By Will Graham
I do not have ADD. I resent the very implication. I simply choose when and when not to pay attention. I have complete control over my imagination, and I can most certainly separate my daydreams from reality.
These were the thoughts rushing through my head as I sat in the Northwest auditorium, soaking in the knowledge and wisdom being offered by my professor. Yet like all things, my intense focus was temporary, and I began to drift. Moments later, I was riding with Jesus on my motorcycle. We were doing wheelies.
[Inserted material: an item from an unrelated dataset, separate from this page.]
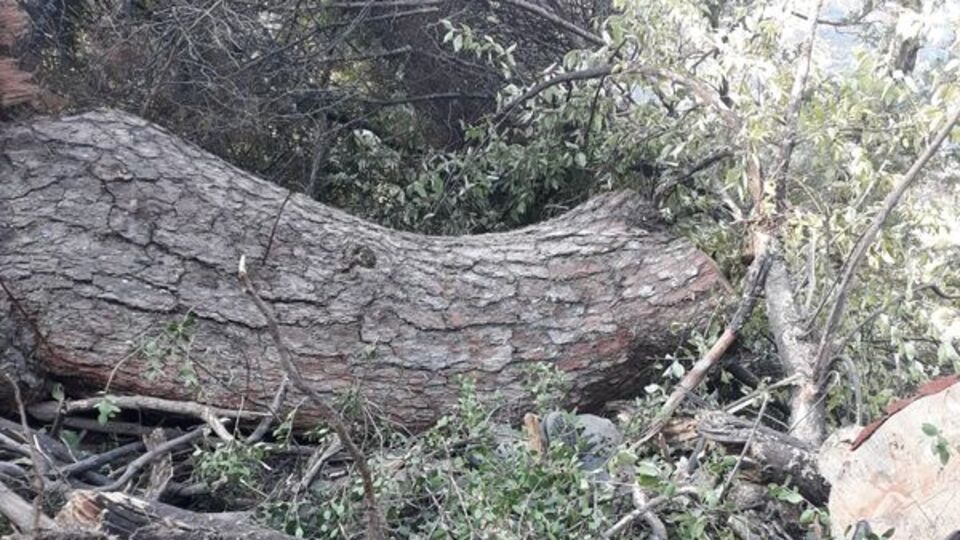 Kestiği ağaç üzerine düşünce hayatını kaybetti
How did this happen? Okay, let’s follow Will’s wacky train of thought: first, the speaker mentioned Jesus’ love, placing a picture of our Lord and Saviour in my head. Meanwhile, I was playing with the keys to my newly purchased motorcycle. Before I knew it, the Son of God and I are ripping rubber up and down the freeway.
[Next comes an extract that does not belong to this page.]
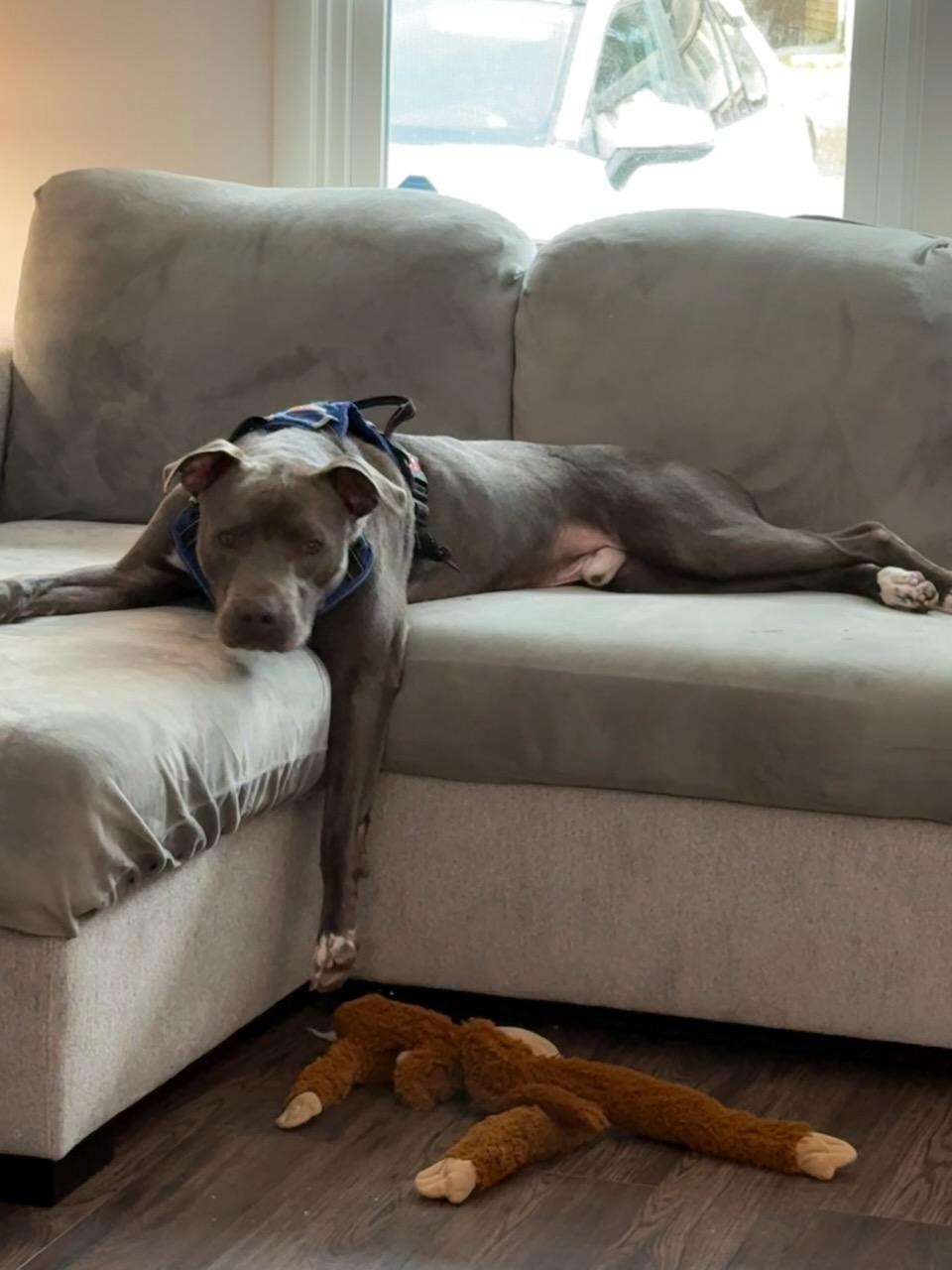 Willie, a Adoptable Pit Bull Terrier in Lawrenceville, GA image 1/3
While I sincerely doubt that God disapproves of my new mode of transportation, I know that a lecture on New Testament theology and an active imagination do not mix well. So I am here to offer you a few classroom focus tips.
Hopefully my advice will lead you to a daydream-free semester. As for me, I have finally been able to answer the age-old question, what would Jesus do? – Jesus would do a wheelie.
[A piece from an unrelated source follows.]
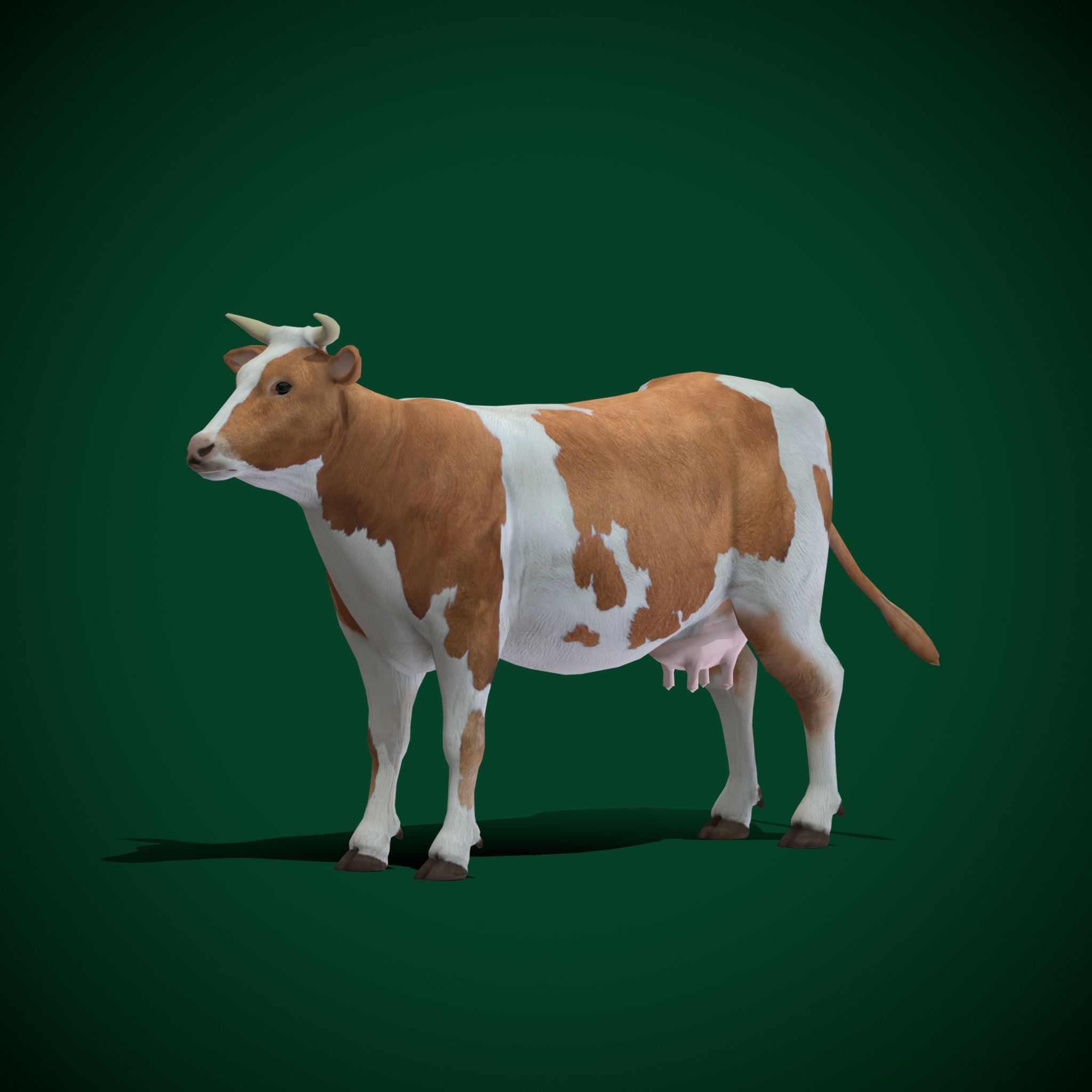 Diary Milk Cow  Animal Low-poly 3D model_29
1……….. Don’t buy a motorcycle
2……….. Find the most uncomfortable chair in the classroom. Compared to an hour of back spasms, the dry lecture will seem like sweet music.
3……….. Don’t sit by any pretty girls. (Quit staring at the back of her head! Ask her out for coffee and be done with it!)
4……….. Do not try to digest what you are learning on the spot, because it can be hard to keep up, and might lead to further daydreaming. Digest a hamburger instead.
5……….. You do not have a photographic memory. Batman does, you don’t. If you are Batman, you don’t have to take notes. Everyone else does.
6……….. Yes, maybe there is an ant crawling across the ceiling, but don’t follow it. It’s an ant! There are a hundred billion of them! Haven’t you ever seen one before? They’re all the same! This one was just stupid enough to get locked indoors! Why look at an extra-stupid ant? That’s stupid!
Despite the reaction of some people at trinity whom I hear have been “offended” by the idea of Jesus on a motorcycle, I thuroughly enjoyed Will’s article and the accompanying song. It made me smile which is a rare treat when life is stressful.
ps - Jesus would have ridden a scooter…its more environmental friendly and he was all about going against the grain.